Craig: Look I agree. I would mediate every case but sometimes people aren’t ready and sometimes people aren’t emotionally ready and sometimes the information exchange hasn’t happened, but you know I’m totally in favor of it. I’ve got two thoughts about it. Mandatory mediation, if someone doesn’t have skin in the game if they are not willing to step into the process and sometimes its less beneficial if they are forced to be in the process. Most smart lawyers, I think the lawyers who do this day in and day out, most of them understand the power of mediation because at the end of the day, we are trying to provide good service to people. We don’t represent Walmart. We don’t represent big companies; we represent everyday people. A 10,000-dollar legal bill or goodness a child custody case, an 80- or 100,000-dollar legal bill, that’s a game changer. That’s a Harvard education, I mean maybe not Harvard anymore but certainly it will get you an education at ole miss.
Judge: That’s one year at Harvard.
Craig: Judge, I just wanted to ask, how important is it for someone who is facing family conflict, to have an attorney?

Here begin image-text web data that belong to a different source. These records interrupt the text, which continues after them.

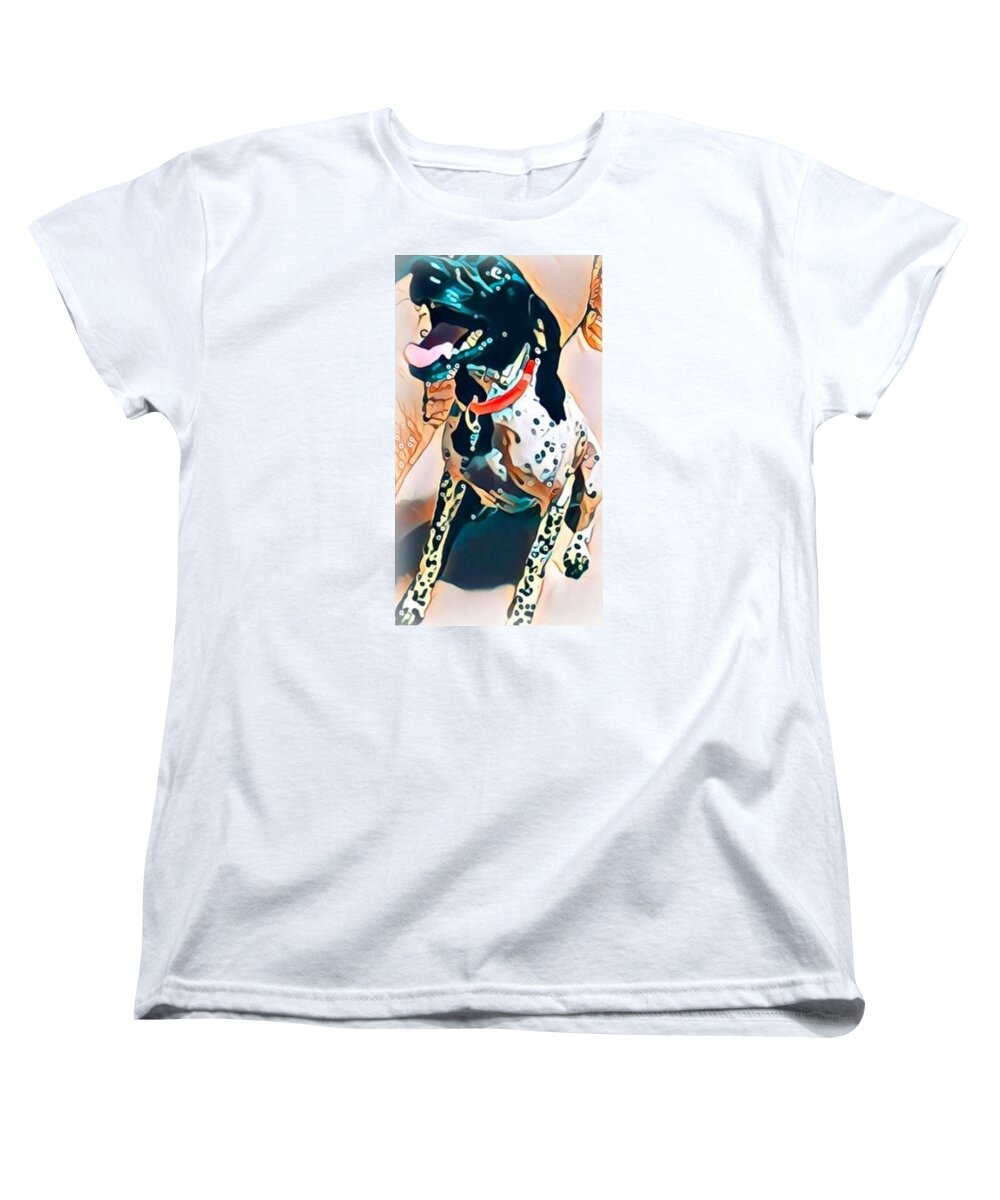 Zaya - Women's T-Shirt (Standard Fit)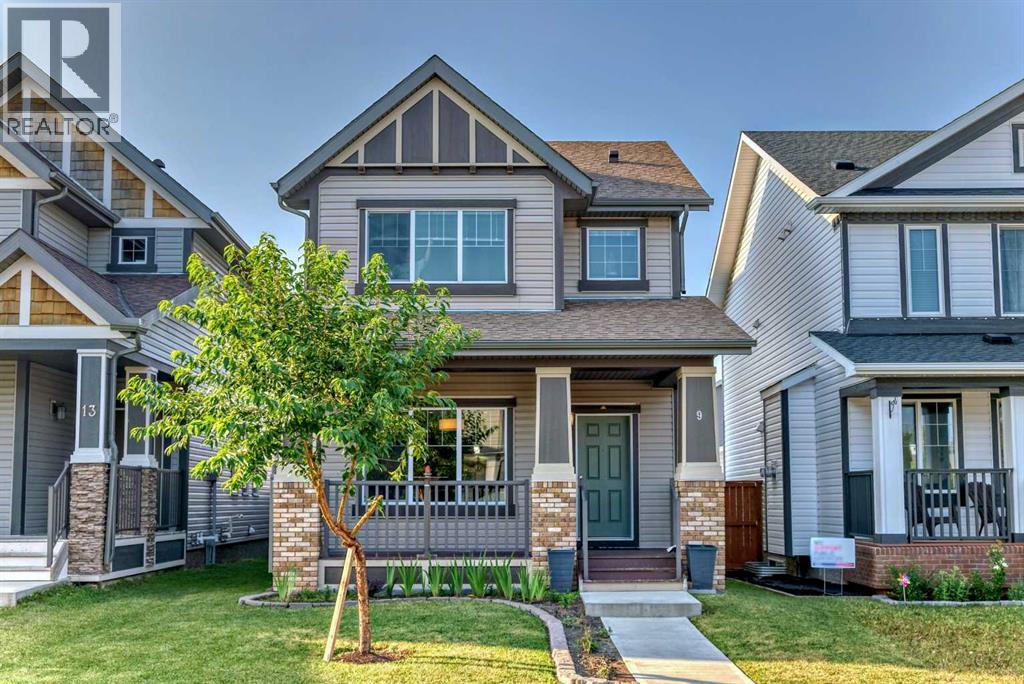 9 Copperpond Avenue Se, Calgary, Alberta  T2Z 5B5 - Photo 1 - A2247758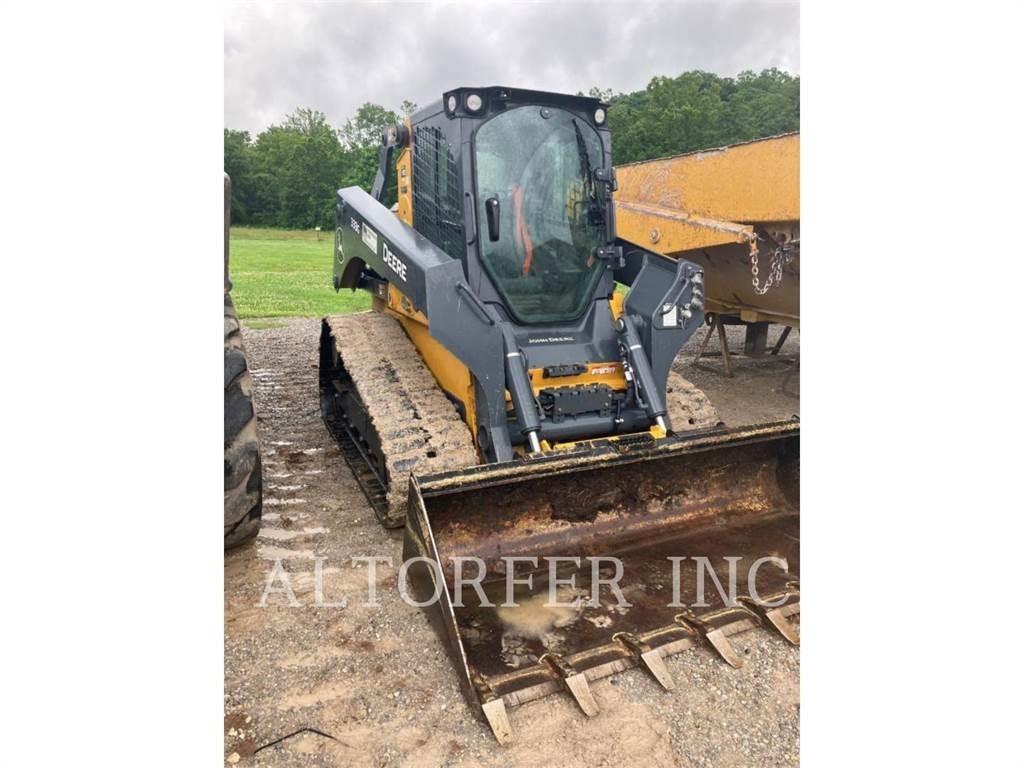 John Deere & CO. 333G لوادر انزلاقية التوجيه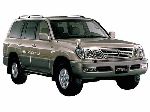 Foto 21 Auto Toyota Land Cruiser SUV (J100 1998 2002)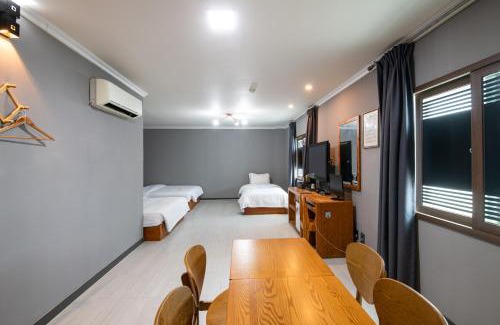 Jeonju Hotel | Gung Business Hotel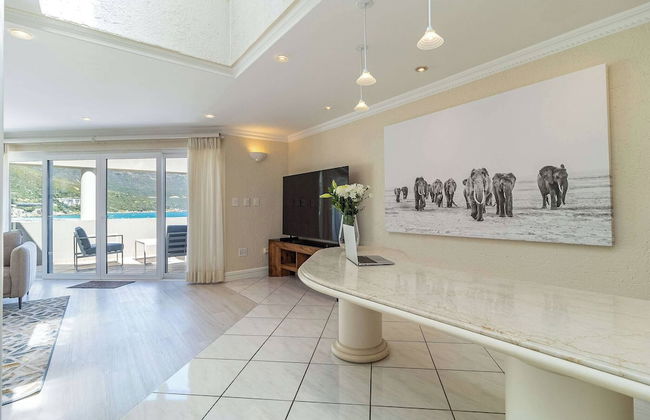 Beachfront Villa, Beach Club, Houtbay - Foto 41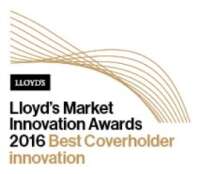 Cromar - lloyd's best coverholder innovation 2016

Judge: Its essential. Its vital important. Not just saying that because you guys are sitting in front of me and you guys invited me into the conversation, a person cannot be expected to know what their rights are to sufficiently solve a case without some kind of legal advice. Whether that’s dropping a 10,000-dollar retainer on you or just going to talking to a lawyer ahead of time, there is more than one way to do that. But you’ve got to go into that process with legal advice.
Craig: Judge Singletary, thank you for taking the time to be with us today to do this. I really think, our goal is to arm people with information, and I think you’ve helped us do that. Just a view from the bench and thanks for spending time with us.
Judge: Oh, it was my pleasure. Now I can add podcast to my resume!
Craig: Yeah man, me too!
Craig: You've been listening to the Robertson and Easterling podcast. Thanks for spending time with us.